One of the women in the group on the trail had said, "You've got quite a hill ahead of you." I generally don't like such heads-up comments, as I'd rather discover what lies ahead for myself; but she was right. The climb up from Waterfall Gorge (more gully than gorge) was long and nearly straight up to the ridge top, two slow and taxing kilometers in the heat of the afternoon. But I felt strong, felt like I was gaining strength with each day we spent walking. When I finally reached the top, I didn't stop, but set off westwards along the ridge, another couple kilometers to the campsite, where for a time I sat alone on the rocky outcropping gazing out over Ormiston Pound.

Later, after I'd put up the tent and Rachael had gathered firewood, we sat together on the outcropping to watch the sun set. Rachael made tea on the small stove and I read aloud a story from a small volume of Tolstoy called Twenty-three Tales. We had made a habit of these readings in the evenings, usually while Rachael cooked. Most of the stories, written in the 1880s and 1890s, were Christian parables about Russian peasants who learned or modeled loving patience and generosity. On this night I read, "A Spark Neglected Burns the House."

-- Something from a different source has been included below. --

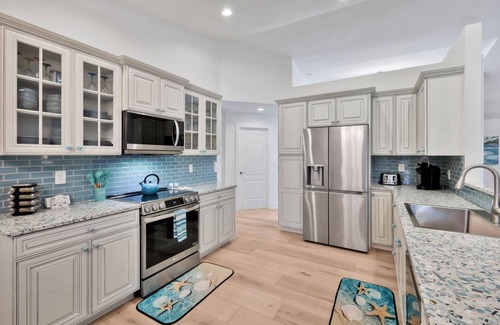 Pelican House | Luxury Gulf Access Pool Home With Large Tiki Hut Close to Tarpon Point Marina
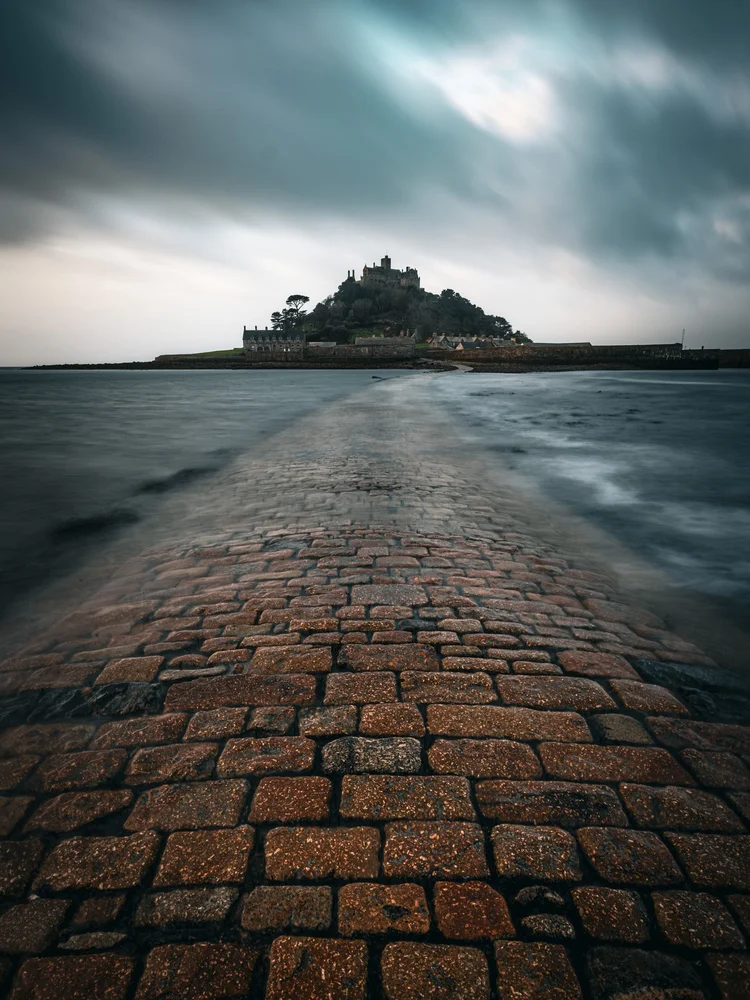 Brick causeway leading across the sand towards an island castle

Before dark Chris and Krystal appeared, and later we shared a fire again. We talked of Australian films, and I named the few I had seen, and they named others I should see. Rachael said Rabbit-Proof Fence and Ten Canoes; Chris said Kangaroo Jack and Wog Boy.

Chris also talked about his desire to join NORFORCE (North-West Mobile Force), an official but from what I could tell quasi military regiment that patrols northern Australia, especially near the coast, engaging in surveillance and reconnaissance missions. The force was established in the 1980s, but harkens back to World War II, when a similar group was organized in the face of a feared Japanese invasion. I'm not quite sure what the threat is today, drug smuggling I think, potentially the Chinese too, maybe the Asian horde in general (though that last is not really fair; Australia seems pretty open to Asian immigrants). Over half of the regiment is made up of Aboriginal men, and they are valued for their bush skills (sort of like American Indian scouts in the 19th century?). From what Chris said, I'd guess he's drawn partly out of patriotism, partly by a strong anti-drug position, but mostly by the opportunity to go on backcountry scouting expeditions. It's the sort of challenge that appeals to him, not unrelated to camel racing or hiking the Larapinta.